▸ Exercise
Write out exactly the lines below that run from the one containing "Heckler & Koch P11" through the one containing "Jeanette Forbes - owner of Grape and Grain", both included, with no other lines.

▸ Given data
========
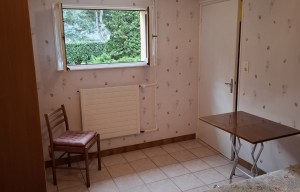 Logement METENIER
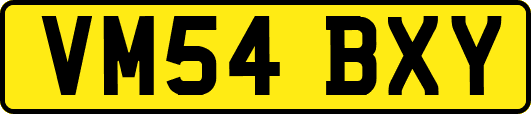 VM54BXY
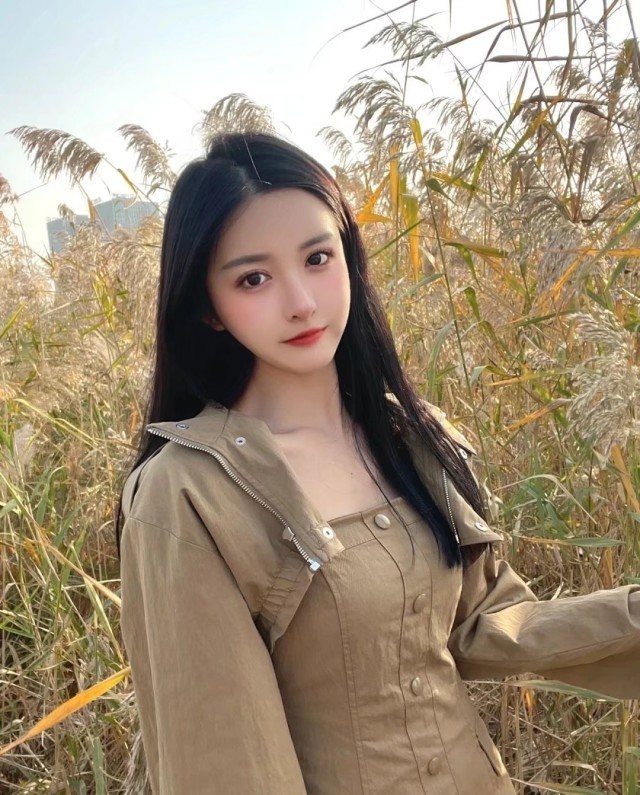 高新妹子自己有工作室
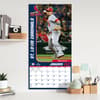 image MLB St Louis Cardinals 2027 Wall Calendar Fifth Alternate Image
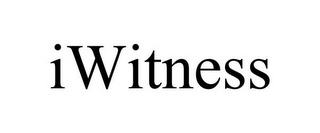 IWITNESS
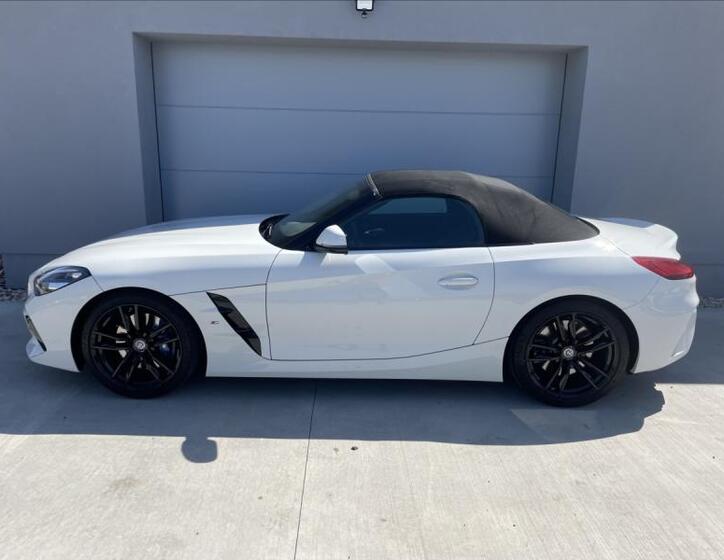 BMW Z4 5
========
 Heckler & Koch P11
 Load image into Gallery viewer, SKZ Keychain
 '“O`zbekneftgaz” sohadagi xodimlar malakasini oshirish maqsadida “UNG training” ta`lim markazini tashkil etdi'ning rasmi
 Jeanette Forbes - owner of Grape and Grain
========
▸ Response
 Heckler & Koch P11
 Load image into Gallery viewer, SKZ Keychain
 '“O`zbekneftgaz” sohadagi xodimlar malakasini oshirish maqsadida “UNG training” ta`lim markazini tashkil etdi'ning rasmi
 Jeanette Forbes - owner of Grape and Grain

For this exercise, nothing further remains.